Ecevit’s linkage between defense and economic cooperation also applies to NATO. He has pointed to Article 2 of the North Atlantic Treaty, which calls upon the Alliance to work for the welfare and stability of member states. In the absence of more assistance from their allies, the Turks have already refused to commit themselves to the Alliance’s long term defense program agreed to at the NATO summit in Washington last May. Ecevit also seems intent on pursuing his idea of Turkish coproduction of NATO arms. He sees this as providing substantial economic and military benefits for Turkey, but the allies see it as difficult and possibly impractical given Turkey’s present low level of industrial and technological development.

Friction between the Greeks and NATO is not at an end, of course. But ever since the Greek decision earlier this year to seek full reintegration, it is the Turks who seem more troublesome in the NATO context because of their resistance to proposals worked out between the Greeks and the NATO military structure. The Turks objected to proposed interim arrangements whereby, with minor modifications, the Greeks would resume their status quo ante command responsibility in the Aegean as well as control of Aegean airspace which they had before 1974. The Turks refuse to accept the argument that such arrangements would not prejudice the solution of the bilateral dispute over the Aegean.

Relations With the EC

In the area of relations with the European Community too, much of the strain in Greek- EC relations is diminishing while that between [Page 104] Turkey and the EC seems likely to increase. Most of the friction between the Community and Greece was related to the degree of Community commitment to Greek membership and to the timing of the accession process. Those issues have been resolved to the satisfaction of both sides, with all members committed to Greek entry by 1981. To be sure, some friction still exists on the terms of Greek entry; this is likely to increase when crucial issues such as agriculture, free movement of workers, and the length of the transition period are dealt with. But the unstated Greek desire for membership at almost any price and the Community’s sympathy for Karamanlis make it unlikely these negotiations would go off the rails.

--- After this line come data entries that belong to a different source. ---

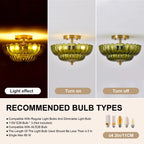 Green Glass Scalloped Flush Mount Ceiling Light 3-Light Modern Light Fixture Low Ceiling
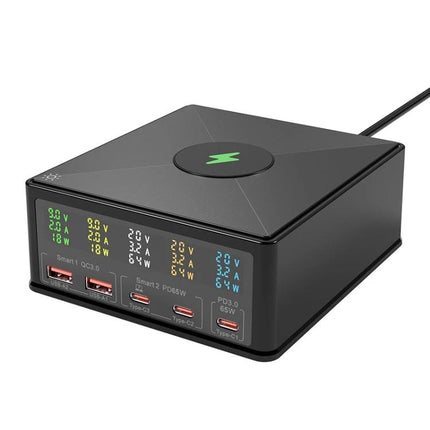 868H Charger for Daily Device Powering at Home or On the Go - multiport black charger with LED display charging phones tablets laptops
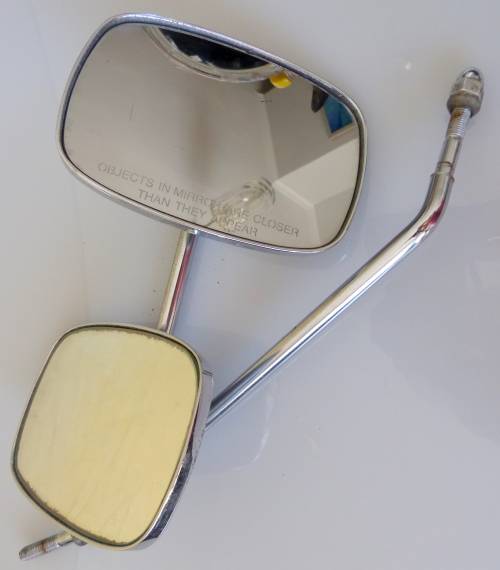 2 VINTAGE MOTORBIKE MIRRORS, ONE IS A HARLEY DAVIDSON.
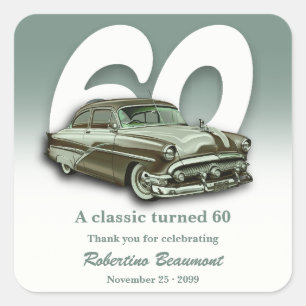 Adesivo Quadrado Viagem Clássico Carro Verde Faz 60 Anos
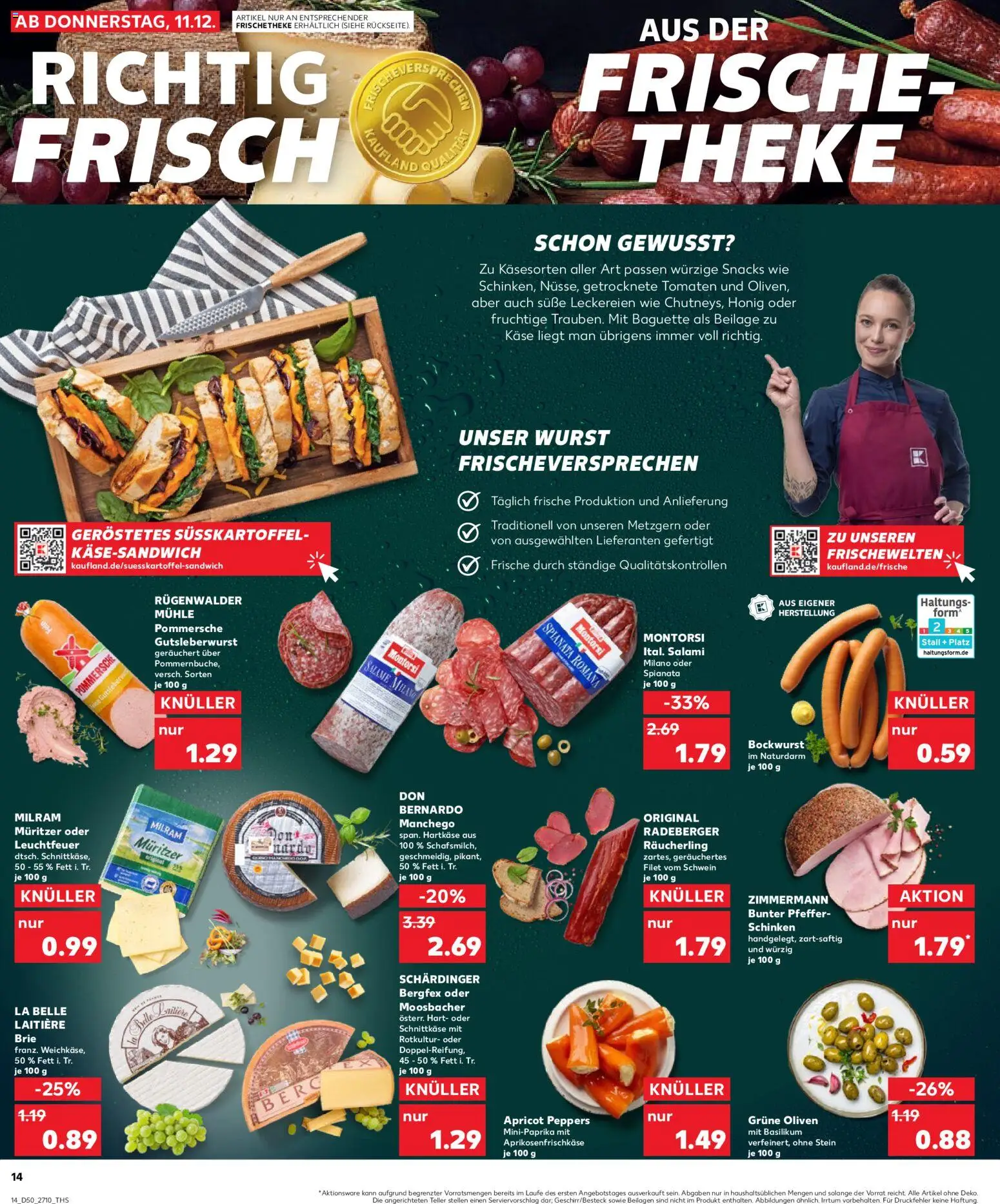 Kaufland prospekt Zeitz	 – gültig ab 11.12.2025 | Seite: 14 | Produkte: Bockwurst, Käse, Baguette, Pfeffer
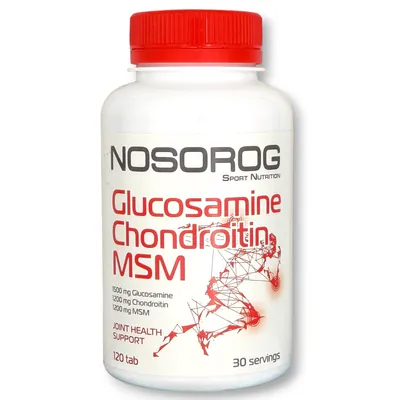 Глюкозамін, хондроїтин та МСМ Nosorog Glucosamine Chondroitin MSM, 120 таблеток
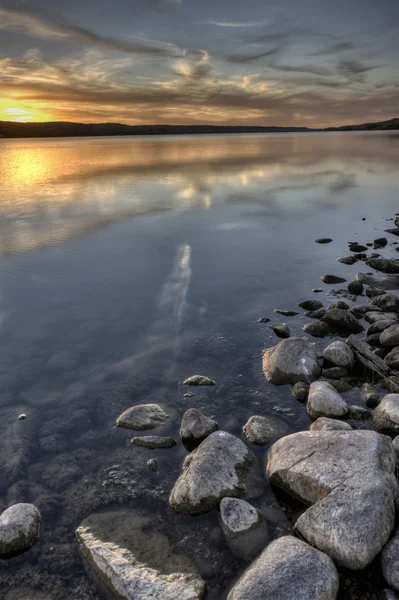 日落萨斯喀彻温湖加拿大 — 图库照片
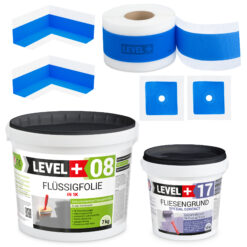 Dichtset Bad Dusche Flüssigfolie 7kg Fliesengrund 1,5kg Innenecke Dichtband LEVEL+ SET333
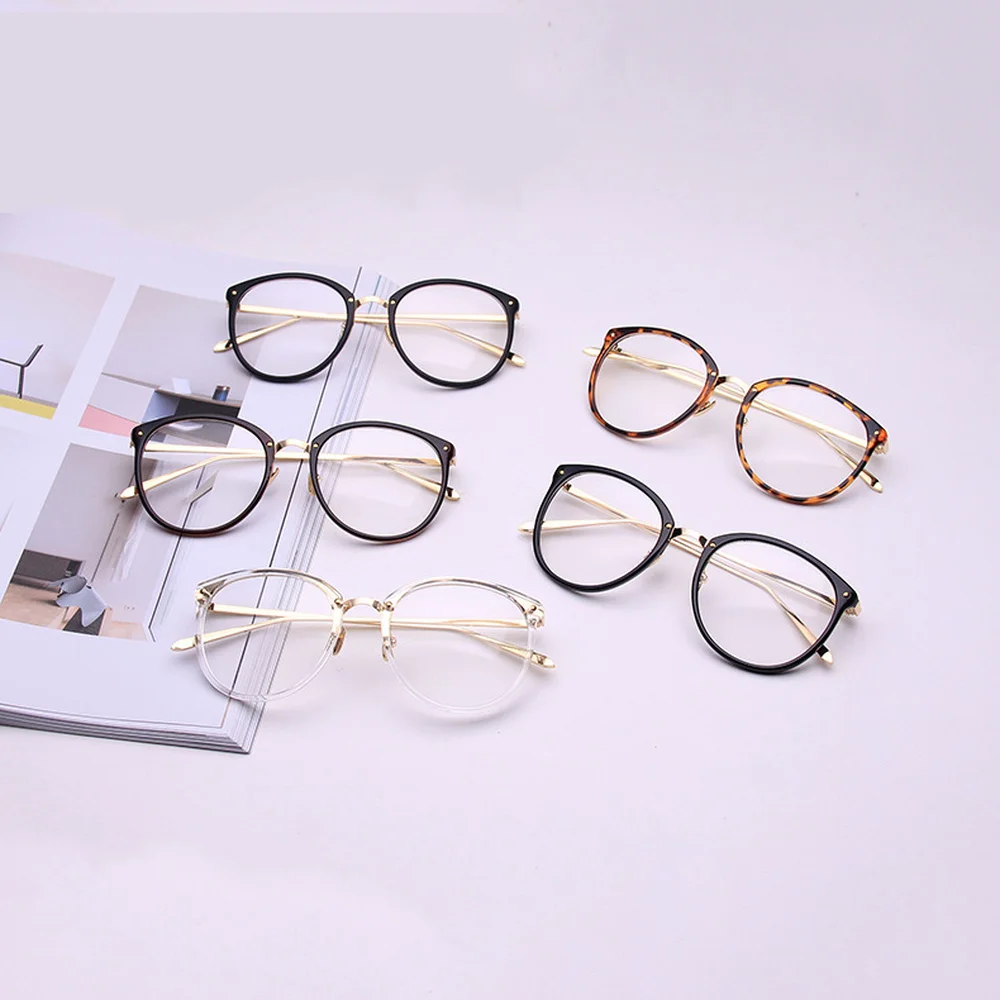 

Vintage Round Decorative Glasses Metal Frame Fashion Casual Light Clear Lenses Glasses Optical Eyewear Women Eyeglasses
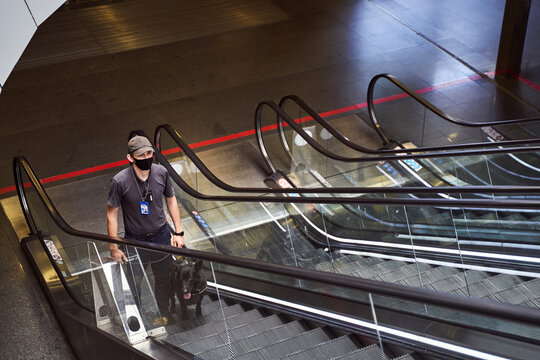 Security Worker With Detection Dog Using Escalator At Airport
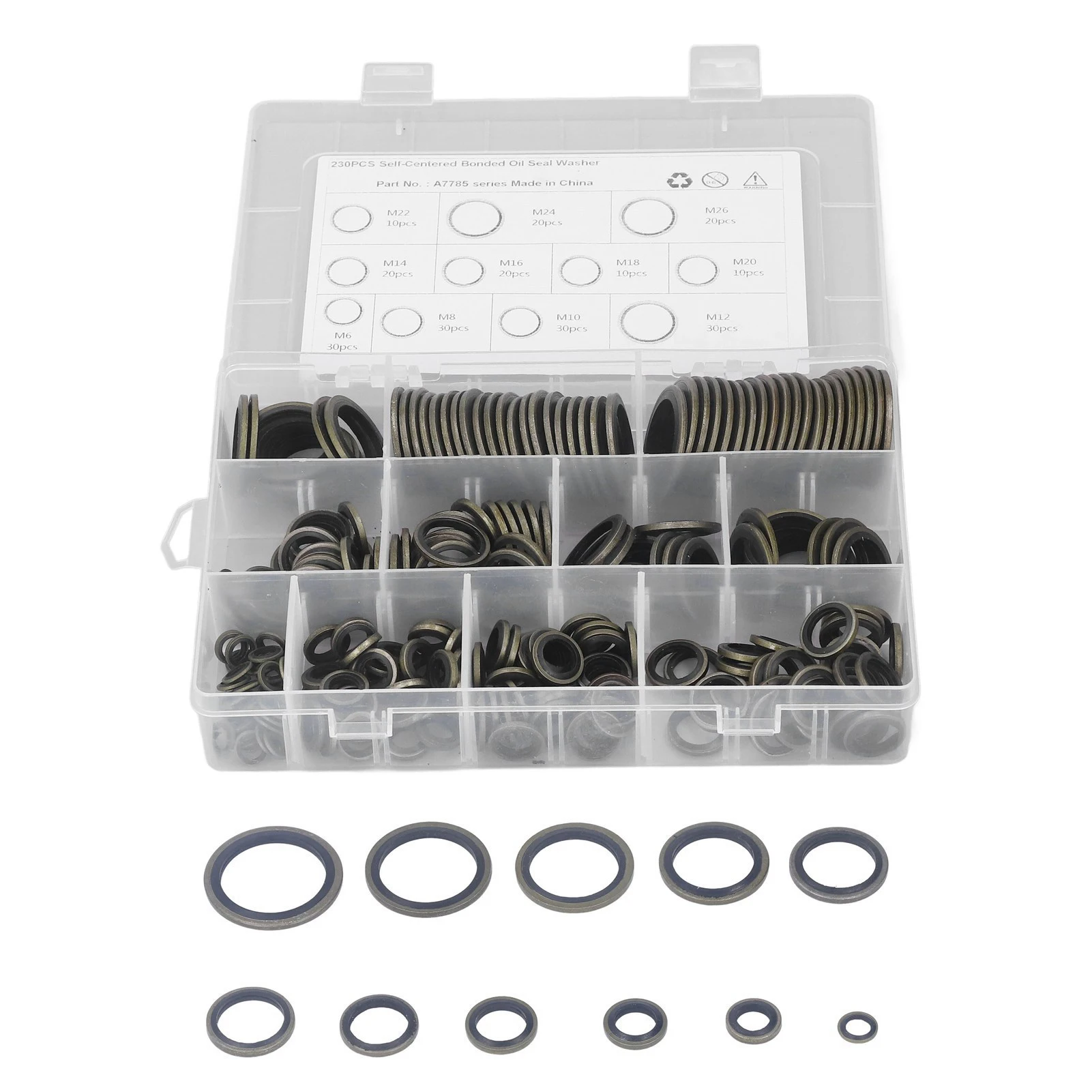 230 Pcs Oil Seal Washer Assortment Kit M6 To M26 Self Centered Metal Rubber Oil Drain Plug Gasket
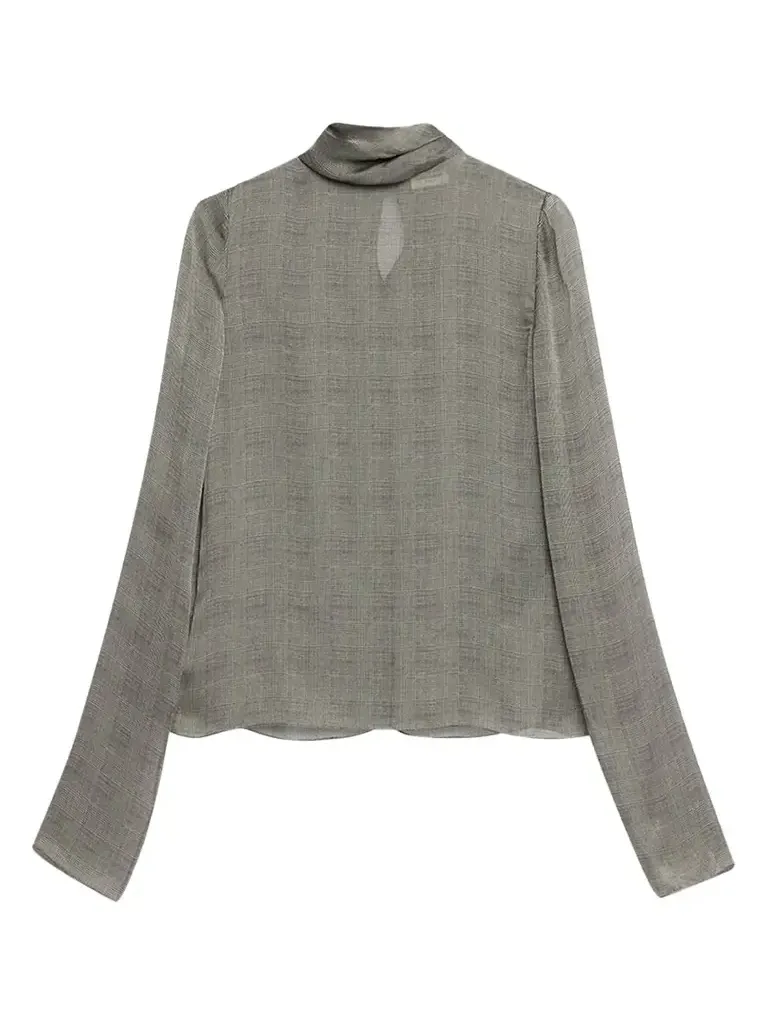 Saint Laurent Sheer Plaid Blouse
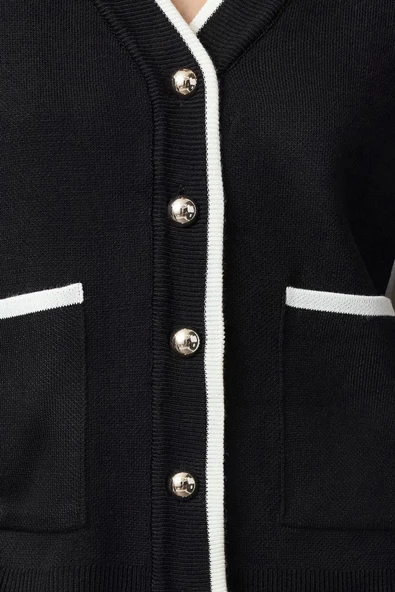 Kadın Moda Şık Regular V Yaka Oversize Renk Bloklu Geniş Kalıp Triko Hırka - 4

The Turks, on the other hand, have become increasingly disappointed with the poor returns from their associate member status. They initially were hoping for preferential access to a major export market, large credits, and a permanent source of employment for Turkish workers. In fact, a negative trade balance has developed, worker migration has been curbed, and in Turkish eyes, EC financial assistance has been inadequate. The Turks, moreover, resent the Community’s Mediterranean policy and its agreements with third countries that have watered down the meaning of Turkey’s associate status. They have also been upset by the warm response to Greece’s application, which in their view has raised the spectre of Turkish isolation from Western Europe and a pro-Greek tilt by the Community in the Aegean and Cyprus disputes.

The Ecevit government reacted to these concerns by declaring early in its term that it would seek a revision of Turkey’s associate status—already revised once before in Turkey’s favor in 1970—and that a touchstone of EC impartiality vis-a-vis Greece and Turkey would be its willingness to include Turkey in its political consultative process once the Greeks gained admission. Indeed, the Turks subsequently emphasized the consultative aspect, and the Community responded by offering to include Turkey in political discussions through a three man committee of present, past, and future Council presidents. The Turks have rejected this procedure as inadequate, however. They now want to focus on economic negotiations. The Community’s likely parsimony on economic assistance, suggests that Community relations with the Turks will become more troublesome.

Cyprus and the Aegean

The potential for friction is somewhat greater with the Turks than with the Greeks with respect to the Cyprus and Aegean disputes. There is little doubt that the decision to lift the embargo has removed one important cause of Turkish immobilism, since no Turkish government has wanted to be seen buckling to such overt pressure. But the embargo has also served as an excuse as well as a cause for Turkey’s reluctance to [Page 105] show greater flexibility. The Turks will still be inclined to drive a hard bargain with the Greeks for strategic and emotional reasons, and also because the government is pushed in this direction by domestic political considerations. And they will remain suspicious and resistant in the face of any external involvement in their quarrels with the Greeks.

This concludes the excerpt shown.